Disease-related concerns:
- Bariatric surgery: Dehydration: Avoid diuretics in the immediate postoperative period after bariatric surgery; electrolyte disturbances and dehydration may occur. Diuretics may be resumed, if indicated, once oral fluid intake goals are met (Ziegler 2009).
- Cirrhosis: In cirrhosis, avoid electrolyte and acid/base imbalances that might lead to hepatic encephalopathy.
Concurrent drug therapy issues:
- Antihypertensives: Coadministration of antihypertensives may increase the risk of hypotension.
Special populations:
- Surgical patients: If given the morning of surgery, ethacrynic acid may render the patient volume depleted and blood pressure may be labile during general anesthesia.
Other warnings and precautions:
- Diuretic resistance: For some patients, despite higher doses of loop diuretic treatment, an adequate diuretic response cannot be attained. Diuretic resistance can usually be overcome by intravenous administration, the use of two diuretics together (eg, furosemide and chlorothiazide), or the use of a diuretic with a positive inotropic agent. When such combinations are used, serum electrolytes need to be monitored even more closely (Cody 1994; ACC/AHA [Yancy 2013]; HFSA 2010).
Monitoring Parameters
Blood pressure, renal function, serum electrolytes, and fluid status closely, including weight and I & O daily; hearing
Pregnancy
Pregnancy Risk Factor
B
Pregnancy Considerations
Adverse events have not been observed in animal reproduction studies.
Patient Education
What is this drug used for?
- It is used to get rid of extra fluid.
- It may be given to you for other reasons. Talk with the doctor.
Frequently reported side effects of this drug
- Loss of strength and energy
- Headache
- Lack of appetite
- Vomiting
- Nausea
Other side effects of this drug: Talk with your doctor right away if you have any of these signs of:
- Fluid and electrolyte problems like mood changes, confusion, muscle pain or weakness, abnormal heartbeat, severe dizziness, passing out, fast heartbeat, increased thirst, seizures, loss of strength and energy, lack of appetite, unable to pass urine or change in amount of urine passed, dry mouth, dry eyes, or nausea or vomiting.

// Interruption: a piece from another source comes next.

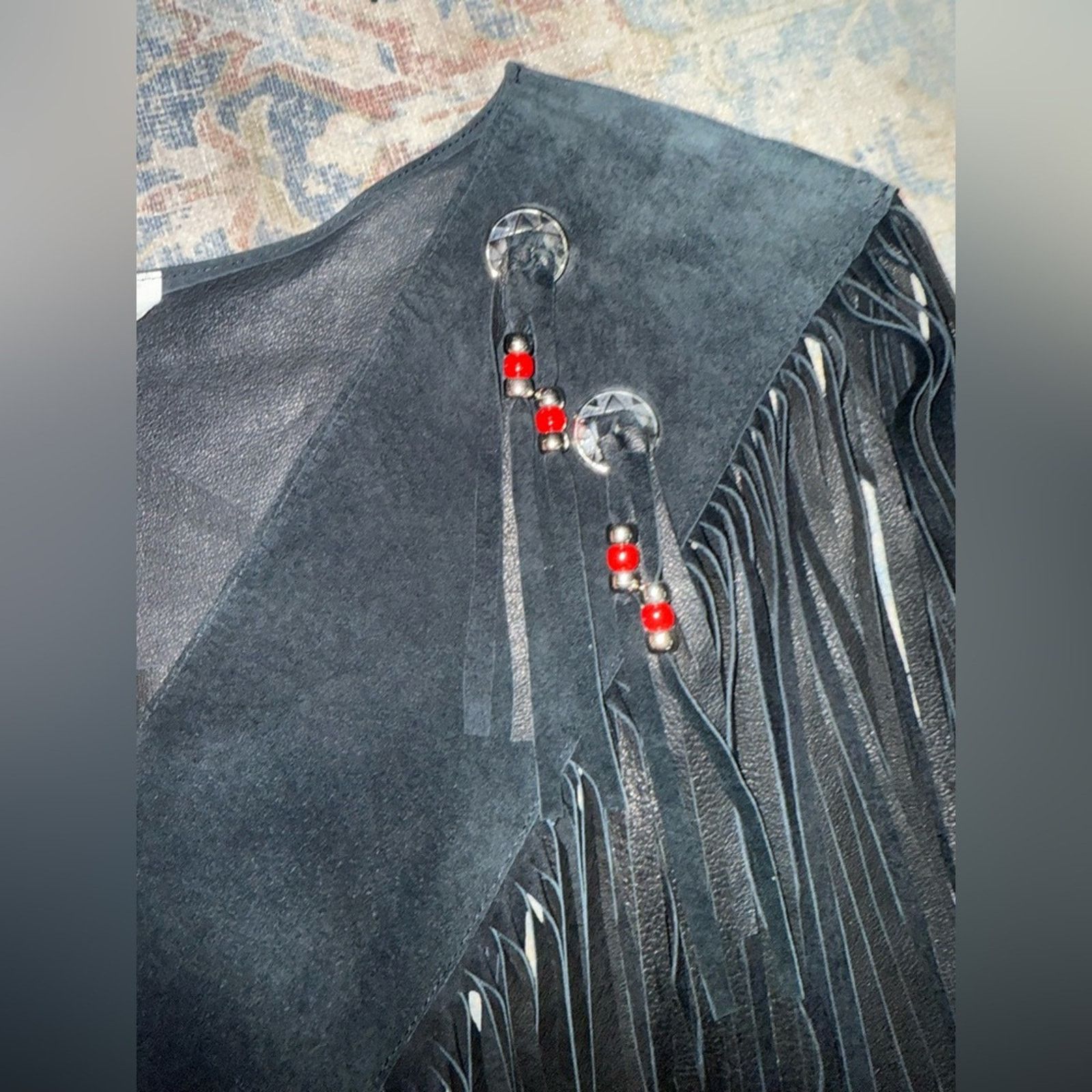 Handmade Black Leather Fringe Shawl Western Cowgirl Style Beaded Size ONE SIZE - 3 Thumbnail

- High blood sugar like confusion, fatigue, increased thirst, increased hunger, passing a lot of urine, flushing, fast breathing, or breath that smells like fruit.
- Severe dizziness
- Passing out
- Trouble/loss of hearing
- Noise or ringing in the ears
- Vision changes
- Chills
- Burning or numbness feeling
- Vomiting blood
- Black, tarry, or bloody stools
- Blood in the urine
- Confusion
- Severe diarrhea
- Signs of a significant reaction like wheezing; chest tightness; fever; itching; bad cough; blue skin color; seizures; or swelling of face, lips, tongue, or throat.
Note: This is not a comprehensive list of all side effects. Talk to your doctor if you have questions.

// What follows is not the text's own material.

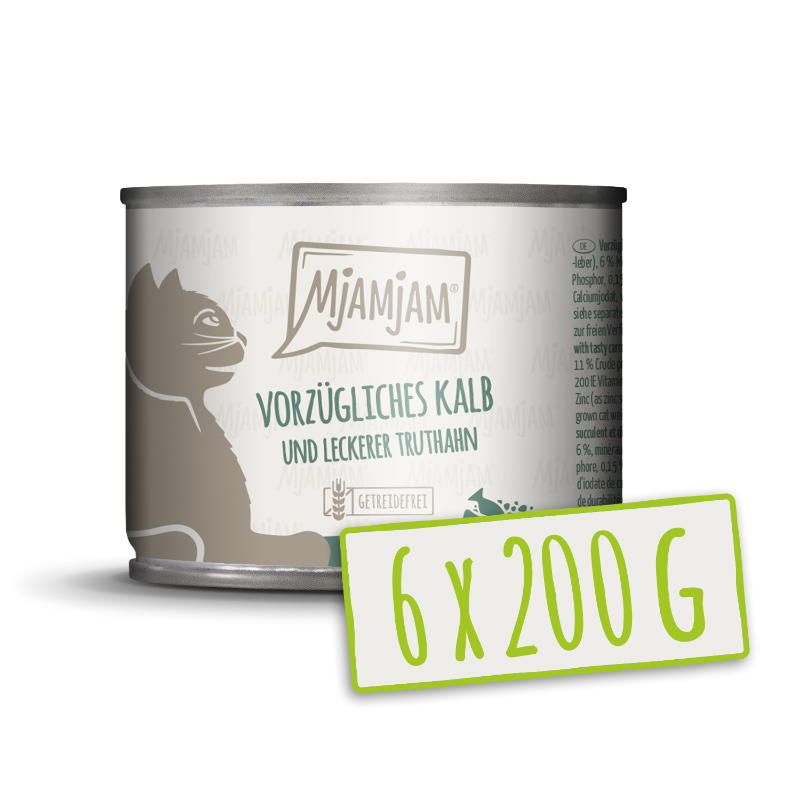 MjAMjAM - Verfijnd kalfsvlees en smakelijke kalkoen met fijne wortelen 200g*6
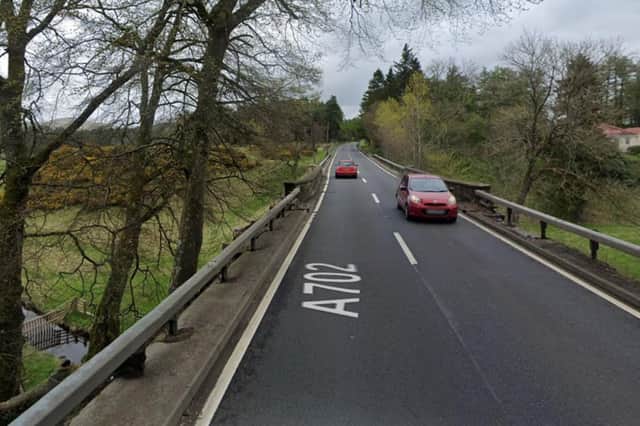 The A702 outside West Linton has been closed due to flooding (Google Streetview)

Consumer Information Use and Disclaimer: This information should not be used to decide whether or not to take this medicine or any other medicine. Only the healthcare provider has the knowledge and training to decide which medicines are right for a specific patient. This information does not endorse any medicine as safe, effective, or approved for treating any patient or health condition. This is only a brief summary of general information about this medicine. It does NOT include all information about the possible uses, directions, warnings, precautions, interactions, adverse effects, or risks that may apply to this medicine. This information is not specific medical advice and does not replace information you receive from the healthcare provider. You must talk with the healthcare provider for complete information about the risks and benefits of using this medicine.